[Caption-style text data]
·····

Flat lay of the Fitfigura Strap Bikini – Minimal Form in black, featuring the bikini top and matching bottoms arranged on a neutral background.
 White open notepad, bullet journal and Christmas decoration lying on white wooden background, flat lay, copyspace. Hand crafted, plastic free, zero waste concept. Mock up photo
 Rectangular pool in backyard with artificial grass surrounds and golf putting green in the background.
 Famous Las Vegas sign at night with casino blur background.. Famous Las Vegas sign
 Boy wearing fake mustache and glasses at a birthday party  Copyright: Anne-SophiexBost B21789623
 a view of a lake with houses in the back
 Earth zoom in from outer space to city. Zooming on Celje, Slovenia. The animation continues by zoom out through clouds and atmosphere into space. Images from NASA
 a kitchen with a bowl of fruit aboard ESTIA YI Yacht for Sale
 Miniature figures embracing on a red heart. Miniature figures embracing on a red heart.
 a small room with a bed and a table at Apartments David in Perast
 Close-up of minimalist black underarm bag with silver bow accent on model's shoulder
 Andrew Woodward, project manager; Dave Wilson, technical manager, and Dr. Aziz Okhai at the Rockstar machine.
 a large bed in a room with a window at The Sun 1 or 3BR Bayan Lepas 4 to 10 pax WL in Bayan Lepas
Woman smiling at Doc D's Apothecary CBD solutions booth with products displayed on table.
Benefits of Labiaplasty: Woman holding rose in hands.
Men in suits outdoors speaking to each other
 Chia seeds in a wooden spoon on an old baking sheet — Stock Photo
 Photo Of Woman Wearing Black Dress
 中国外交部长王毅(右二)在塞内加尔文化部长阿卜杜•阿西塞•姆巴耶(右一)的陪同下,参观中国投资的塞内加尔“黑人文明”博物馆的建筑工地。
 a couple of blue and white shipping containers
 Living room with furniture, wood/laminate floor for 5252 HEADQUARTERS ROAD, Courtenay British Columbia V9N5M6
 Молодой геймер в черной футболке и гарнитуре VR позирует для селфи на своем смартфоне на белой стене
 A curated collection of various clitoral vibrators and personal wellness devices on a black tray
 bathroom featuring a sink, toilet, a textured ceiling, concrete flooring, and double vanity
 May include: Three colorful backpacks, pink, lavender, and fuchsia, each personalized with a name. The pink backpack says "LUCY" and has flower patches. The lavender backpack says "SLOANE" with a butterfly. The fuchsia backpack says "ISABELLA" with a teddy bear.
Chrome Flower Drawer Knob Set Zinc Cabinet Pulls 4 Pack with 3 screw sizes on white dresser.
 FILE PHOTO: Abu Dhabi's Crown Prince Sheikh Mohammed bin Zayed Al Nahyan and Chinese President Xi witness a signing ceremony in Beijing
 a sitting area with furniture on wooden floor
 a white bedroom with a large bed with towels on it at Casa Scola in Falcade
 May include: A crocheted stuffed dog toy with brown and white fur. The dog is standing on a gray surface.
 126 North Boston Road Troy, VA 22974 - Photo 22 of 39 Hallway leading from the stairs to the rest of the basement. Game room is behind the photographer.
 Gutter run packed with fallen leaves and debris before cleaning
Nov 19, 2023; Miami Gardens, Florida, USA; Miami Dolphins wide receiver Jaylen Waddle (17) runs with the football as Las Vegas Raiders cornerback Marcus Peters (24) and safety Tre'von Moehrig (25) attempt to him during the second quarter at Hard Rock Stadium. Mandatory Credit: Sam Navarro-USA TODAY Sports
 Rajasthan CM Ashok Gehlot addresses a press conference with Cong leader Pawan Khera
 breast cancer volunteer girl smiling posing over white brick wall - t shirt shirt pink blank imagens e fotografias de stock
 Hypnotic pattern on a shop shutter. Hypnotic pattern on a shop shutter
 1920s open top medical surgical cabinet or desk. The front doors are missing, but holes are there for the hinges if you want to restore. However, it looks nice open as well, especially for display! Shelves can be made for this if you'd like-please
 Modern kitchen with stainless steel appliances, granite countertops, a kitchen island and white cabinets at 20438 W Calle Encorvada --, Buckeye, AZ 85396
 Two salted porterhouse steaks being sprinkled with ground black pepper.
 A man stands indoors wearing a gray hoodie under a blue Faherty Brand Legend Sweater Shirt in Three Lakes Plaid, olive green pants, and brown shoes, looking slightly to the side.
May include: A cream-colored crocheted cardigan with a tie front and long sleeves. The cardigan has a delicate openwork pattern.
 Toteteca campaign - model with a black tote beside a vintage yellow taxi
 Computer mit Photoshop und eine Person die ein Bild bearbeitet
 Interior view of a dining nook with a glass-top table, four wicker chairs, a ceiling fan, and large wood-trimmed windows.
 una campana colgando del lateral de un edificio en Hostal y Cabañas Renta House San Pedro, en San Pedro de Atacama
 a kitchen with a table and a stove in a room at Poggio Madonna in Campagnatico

·····

_PROMPT_
Above are some records; extract every one of them exactly.

_OUTPUT FOR THIS EXERCISE_
Flat lay of the Fitfigura Strap Bikini – Minimal Form in black, featuring the bikini top and matching bottoms arranged on a neutral background.
 White open notepad, bullet journal and Christmas decoration lying on white wooden background, flat lay, copyspace. Hand crafted, plastic free, zero waste concept. Mock up photo
 Rectangular pool in backyard with artificial grass surrounds and golf putting green in the background.
 Famous Las Vegas sign at night with casino blur background.. Famous Las Vegas sign
 Boy wearing fake mustache and glasses at a birthday party  Copyright: Anne-SophiexBost B21789623
 a view of a lake with houses in the back
 Earth zoom in from outer space to city. Zooming on Celje, Slovenia. The animation continues by zoom out through clouds and atmosphere into space. Images from NASA
 a kitchen with a bowl of fruit aboard ESTIA YI Yacht for Sale
 Miniature figures embracing on a red heart. Miniature figures embracing on a red heart.
 a small room with a bed and a table at Apartments David in Perast
 Close-up of minimalist black underarm bag with silver bow accent on model's shoulder
 Andrew Woodward, project manager; Dave Wilson, technical manager, and Dr. Aziz Okhai at the Rockstar machine.
 a large bed in a room with a window at The Sun 1 or 3BR Bayan Lepas 4 to 10 pax WL in Bayan Lepas
Woman smiling at Doc D's Apothecary CBD solutions booth with products displayed on table.
Benefits of Labiaplasty: Woman holding rose in hands.
Men in suits outdoors speaking to each other
 Chia seeds in a wooden spoon on an old baking sheet — Stock Photo
 Photo Of Woman Wearing Black Dress
 中国外交部长王毅(右二)在塞内加尔文化部长阿卜杜•阿西塞•姆巴耶(右一)的陪同下,参观中国投资的塞内加尔“黑人文明”博物馆的建筑工地。
 a couple of blue and white shipping containers
 Living room with furniture, wood/laminate floor for 5252 HEADQUARTERS ROAD, Courtenay British Columbia V9N5M6
 Молодой геймер в черной футболке и гарнитуре VR позирует для селфи на своем смартфоне на белой стене
 A curated collection of various clitoral vibrators and personal wellness devices on a black tray
 bathroom featuring a sink, toilet, a textured ceiling, concrete flooring, and double vanity
 May include: Three colorful backpacks, pink, lavender, and fuchsia, each personalized with a name. The pink backpack says "LUCY" and has flower patches. The lavender backpack says "SLOANE" with a butterfly. The fuchsia backpack says "ISABELLA" with a teddy bear.
Chrome Flower Drawer Knob Set Zinc Cabinet Pulls 4 Pack with 3 screw sizes on white dresser.
 FILE PHOTO: Abu Dhabi's Crown Prince Sheikh Mohammed bin Zayed Al Nahyan and Chinese President Xi witness a signing ceremony in Beijing
 a sitting area with furniture on wooden floor
 a white bedroom with a large bed with towels on it at Casa Scola in Falcade
 May include: A crocheted stuffed dog toy with brown and white fur. The dog is standing on a gray surface.
 126 North Boston Road Troy, VA 22974 - Photo 22 of 39 Hallway leading from the stairs to the rest of the basement. Game room is behind the photographer.
 Gutter run packed with fallen leaves and debris before cleaning
Nov 19, 2023; Miami Gardens, Florida, USA; Miami Dolphins wide receiver Jaylen Waddle (17) runs with the football as Las Vegas Raiders cornerback Marcus Peters (24) and safety Tre'von Moehrig (25) attempt to him during the second quarter at Hard Rock Stadium. Mandatory Credit: Sam Navarro-USA TODAY Sports
 Rajasthan CM Ashok Gehlot addresses a press conference with Cong leader Pawan Khera
 breast cancer volunteer girl smiling posing over white brick wall - t shirt shirt pink blank imagens e fotografias de stock
 Hypnotic pattern on a shop shutter. Hypnotic pattern on a shop shutter
 1920s open top medical surgical cabinet or desk. The front doors are missing, but holes are there for the hinges if you want to restore. However, it looks nice open as well, especially for display! Shelves can be made for this if you'd like-please
 Modern kitchen with stainless steel appliances, granite countertops, a kitchen island and white cabinets at 20438 W Calle Encorvada --, Buckeye, AZ 85396
 Two salted porterhouse steaks being sprinkled with ground black pepper.
 A man stands indoors wearing a gray hoodie under a blue Faherty Brand Legend Sweater Shirt in Three Lakes Plaid, olive green pants, and brown shoes, looking slightly to the side.
May include: A cream-colored crocheted cardigan with a tie front and long sleeves. The cardigan has a delicate openwork pattern.
 Toteteca campaign - model with a black tote beside a vintage yellow taxi
 Computer mit Photoshop und eine Person die ein Bild bearbeitet
 Interior view of a dining nook with a glass-top table, four wicker chairs, a ceiling fan, and large wood-trimmed windows.
 una campana colgando del lateral de un edificio en Hostal y Cabañas Renta House San Pedro, en San Pedro de Atacama
 a kitchen with a table and a stove in a room at Poggio Madonna in Campagnatico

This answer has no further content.